History Blame Contribute Delete

12.3 kB

	---
	library_name: peft
	base_model: meta-llama/Meta-Llama-3-8B
	license: llama3
	language:
	- en
	pipeline_tag: text-classification
	tags:
	- argument-mining
	- argument-detection
	- computational-social-science
	- llama
	- lora
	- peft
	- wiba
	---

	# WIBA Argument Detection (Llama-3-8B LoRA)

	Binary argument detection model: given a sentence or passage, it classifies the text as `Argument` or `NoArgument`. An argument is defined as text containing a claim supported by at least one premise (evidence or reasoning).

	This is Stage 1 of the [WIBA (What Is Being Argued?)](https://arxiv.org/abs/2405.00828) argument mining pipeline:

	\| Stage \| Task \| Model \| Type \|
	\|---\|---\|---\|---\|
	\| 1. Detect \| Is this text an argument? \| this repo \| LoRA adapter (sequence classification, 2 labels) \|
	\| 2. Extract \| What topic is being argued? \| [armaniii/llama-3-8b-claim-topic-extraction](https://huggingface.co/armaniii/llama-3-8b-claim-topic-extraction) \| Fine-tuned causal LM (pre-quantized 4-bit) \|
	\| 3. Stance \| What position does it take on the topic? \| [armaniii/llama-stance-classification](https://huggingface.co/armaniii/llama-stance-classification) \| LoRA adapter (sequence classification, 3 labels) \|

	- 📄 Paper: [WIBA: What Is Being Argued?
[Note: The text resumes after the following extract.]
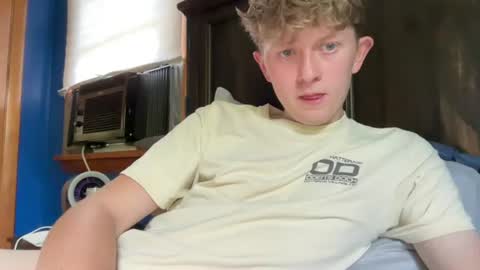 Snapshot of blondiedicks1 chatting on July 2026 05:50:02 PM blondiedicks1 online show from July 2026 05:50:02 PM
A Comprehensive Approach to Argument Mining](https://arxiv.org/abs/2405.00828)
	- 💻 Code: [github.com/Armaniii/WIBA](https://github.com/Armaniii/WIBA)
	- 🌐 Platform: [wiba.dev](https://wiba.dev)

	## What this repo contains (adapter, not a full model)

	This repo is a PEFT LoRA adapter (~190 MB, float32), not standalone model weights. It must be loaded on top of the gated base model [`meta-llama/Meta-Llama-3-8B`](https://huggingface.co/meta-llama/Meta-Llama-3-8B) — request access to the base model and `huggingface-cli login` before use.

	\| File \| Purpose \|
	\|---\|---\|
	\| `adapter_config.json` \| LoRA config: r=8, alpha=32, dropout=0.05, task type `SEQ_CLS`, target modules = all attention/MLP projections; `modules_to_save=["score"]` \|
	\| `adapter_model.safetensors` \| LoRA weights plus the trained 2-label classification head (`base_model.model.score.weight`, shape `[2, 4096]`) \|
	\| `tokenizer.json`, `tokenizer_config.json`, `special_tokens_map.json` \| Fine-tuned tokenizer \|

	Because the trained `score` head ships inside the adapter file, loading this adapter restores the complete classifier — the base model's randomly-initialized head is replaced at load time.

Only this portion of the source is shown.